The Western European and Others Group was originally created in 1957 against its wishes, after Latin America, Asia and Africa, (Note: Asia and Africa did not split into two different groups until 1958 de facto, and until 1963 de jure.) and Eastern Europe made their own groups. States like Australia wanted to keep the previous Commonwealth group, while states like France did not want to caucus with the Commonwealth states. At first, Canada considered applying for the Latin American group and renaming it a "Western Hemisphere" group, while Australia and New Zealand considered applying for the Asian group.

Between 1957 and 1963, Canada, Australia, New Zealand, and South Africa negotiated with the Western European states for WEOG seats on the United Nations General Committee. Canada, Australia, and New Zealand did not consider themselves to be WEOG members during this time, although the General Assembly did. Australia obtained a seat in 1958 and 1962, Canada ran for a seat in 1959 and obtained a seat in 1960, and South Africa obtained a seat in 1959. In 1963, Israel unsuccessfully ran for a seat and was counted by the General Assembly as running for a WEOG seat. In 1964, the Western European states formally invited Canada, Australia, and New Zealand into their caucus, while refusing to invite Israel and South Africa.

Under pressure from the Soviet Union, Finland was initially in the Eastern European Group until 1960. Finland switched to WEOG in 1961.

Turkey was a member of the Asian group electorally until at least 1961, switching to WEOG by 1963. The General Assembly does not have a record of which group Turkey was a member of electorally in 1962.

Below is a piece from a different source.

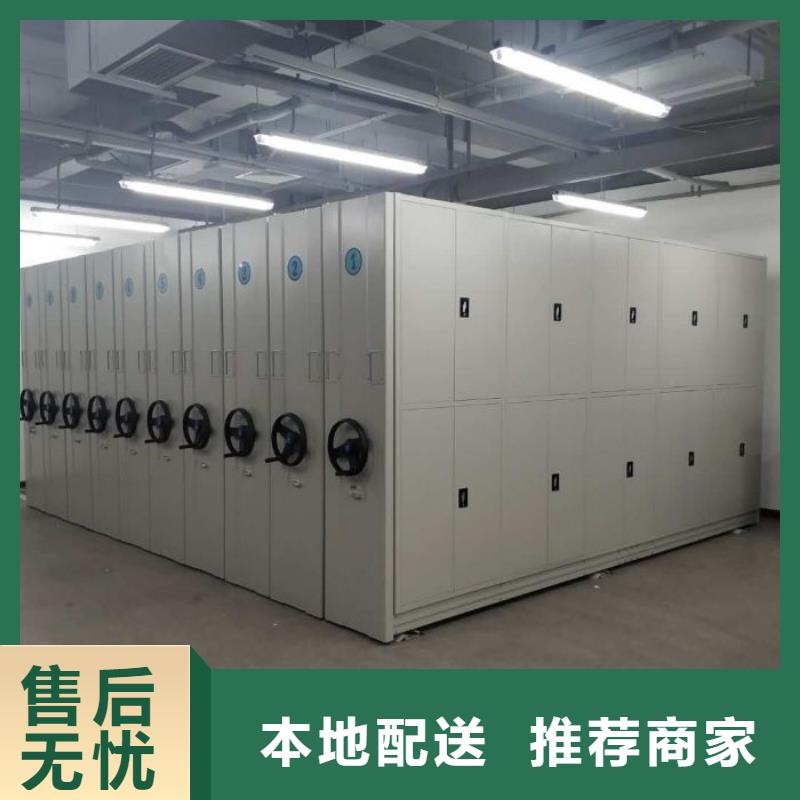 立足市场【凯美】手电动密集架
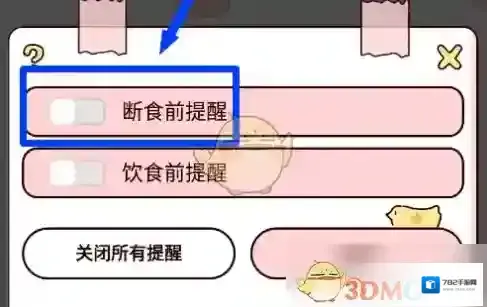 柠檬轻断食按钮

The wording of the 1957 General Assembly resolution placed the permanent members of the Security Council in their own group, causing France, the United Kingdom, and the United States to not count as part of WEOG electorally. When ECOSOC was expanded, the wording of the 1963 General Assembly resolution only assigned groups to the nine new seats, leaving the aforementioned permanent three still outside of WEOG electorally. The permanent three were formally placed into WEOG electorally in November 1965, when the United Nations Development Programme was created and groups were assigned to all its executive board seats.

The above table excludes states who attended WEOG meetings prior to having electoral weight. West Germany, Monaco, Switzerland, and the Holy See became WEOG observers in 1967, while the first record from the US Department of State of the United States attending a WEOG meeting is from 1970.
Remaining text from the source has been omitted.